Sunak refuses to say whether aide who bet on election date knew it would be in July

Rishi Sunak
Rishi Sunak says it would not be appropriate to comment as an independent inquiry is ongoing - Christopher Furlong/PA

Rishi Sunak was dragged into the scandal over his aide betting on a July election as he faced questions over whether he told him the planned date.

Craig Williams has apologised for placing a £100 bet on a July election three days before the Prime Minister announced it would take place on July 4.

On Thursday, Mr Sunak was asked specifically whether Mr Williams was in any key meetings on planning the election date.

However, the Prime Minister refused to answer and simply pointed to the independent inquiry by the Gambling Commission.

“It’s very disappointing news and you will have seen Craig Williams has said that it was a huge error of judgement,” he said.

“You’ll know that there’s an independent inquiry which is necessarily confidential and I’m sure you’ll understand that it wouldn’t be appropriate for me to comment while that inquiry is ongoing.”

Asked whether he felt personally let down by Mr Williams’ conduct, the Prime Minister said: “It is very disappointing. Craig Williams has said that it’s a huge error of judgement.

“Now there is an independent inquiry which is confidential and it’s important that that is allowed to continue. It’s not appropriate to say anything while that’s ongoing.”

Mr Sunak could be asked to provide information to the Gambling Commission about what Mr Williams knew about the election date as part of the inquiry.

Craig Williams confirmed in a statement he had "put a flutter on the general election some weeks ago"
Craig Williams confirmed in a statement he had 'put a flutter on the general election some weeks ago' - Matthew Horwood/Getty Images Europe

Mr Sunak was speaking at the summit of G7 leaders near Bari in southern Italy.

The Gambling Commission is dealing with the incident, according to Dyfed-Powys Police which said it was not a police matter:

A spokesman said: “Dyfed-Powys Police have not received any complaints in relation to this incident.

“We have established that no offences have been committed under the Representation of the People Act 1983 or the Political Parties, Elections and Referendums Act 2000.

“Officers have liaised with the Gambling Commission who have confirmed they are dealing with this incident, and it does not require police involvement.

“The Gambling Commission has the powers to investigate and prosecute under the Gambling Act.”

Downing Street declined to comment on whether the Prime Minister would cooperate with the inquiry and whether he would be questioned.

‘Should have thought about how it looks’

It emerged on Wednesday that Mr Williams, Mr Sunak’s parliamentary private secretary, had taken out a 5-1 bet with Ladbrokes on the timing of the election.

The Tory, who is standing for re-election in Montgomeryshire and Glyndŵr, admitted on Wednesday to a “flutter” on one of his betting accounts and conceded: “I should have thought about how it looks.”

On Thursday he told the BBC: “I’ve clearly made a huge error of judgment, that’s for sure.
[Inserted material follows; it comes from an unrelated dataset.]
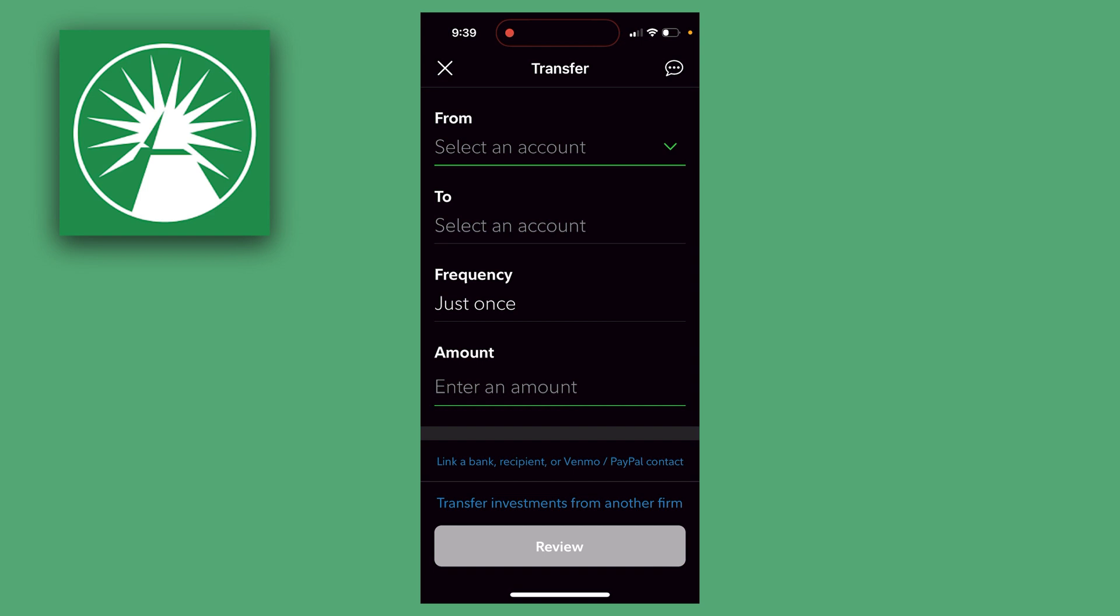Then you want to select the frequency of these payments. So if you just want it to be a one-time payment, select Just Once. Then go ahead and enter in the amount you want to transfer. And then at the bottom here, you can click on Review.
And I apologise.”

Mr Williams has refused to say whether he placed the bet on the basis of insider information about when Mr Sunak was planning to hold the election.

“As I have said, I will not be expanding on that statement,” he said.

“I’m not expanding because it’s an independent process. The Gambling Commission is looking at it now.

“And all I can say was it was a huge error of judgment. A huge error of judgment and I won’t be adding to the statement I’ve already made.”

Lord Cameron, the foreign secretary, said Mr Williams had been “very foolish”.

Asked if he was happy for him to stand as a Conservative candidate, Lord Cameron said “yes” but qualified this by saying it was too late for the party to remove Mr Williams from ballot papers.

“He’s going to be investigated, and will have to face the consequences of that investigation,” Lord Cameron said.

David Cameron with Craig Williams in 2007
Mr Williams with Lord Cameron in 2007 - Phil Rees/Shutterstock

Professor Jon Tonge, who teaches British politics at the University of Liverpool, said: “One of the questions it raises is did he try to bet more with other accounts, because a £100 bet is probably the maximum that you could put on a bet like that, with a single bookmaker, before you start raising suspicions.

“I’m absolutely certain the Gambling Commission will want him to come clean about whether he placed any other bets on the same outcome.”

Prof Tonge added: “He [Williams] may claim that it was a hunch it wasn’t the product of any inside information. And it’s true that Rishi Sunak kept the election date very secret, and most Conservative MPs were taken completely off guard.

“If he knew the date he should probably have been alerting his fellow Conservative members, rather than making a quick bet with the bookies.

“I think it was very, very foolish because there was every chance of a bet like that leaking out. The optics of it are awful. He should have been more self-disciplined and not put it on.”

He said the bet was “potentially the political version of insider trading” if it could be proved Mr Williams knew of the date of the election. But he added: “It would be very difficult to prove unless there’s a communication trail that shows that he was in possession of the knowledge of the election date.”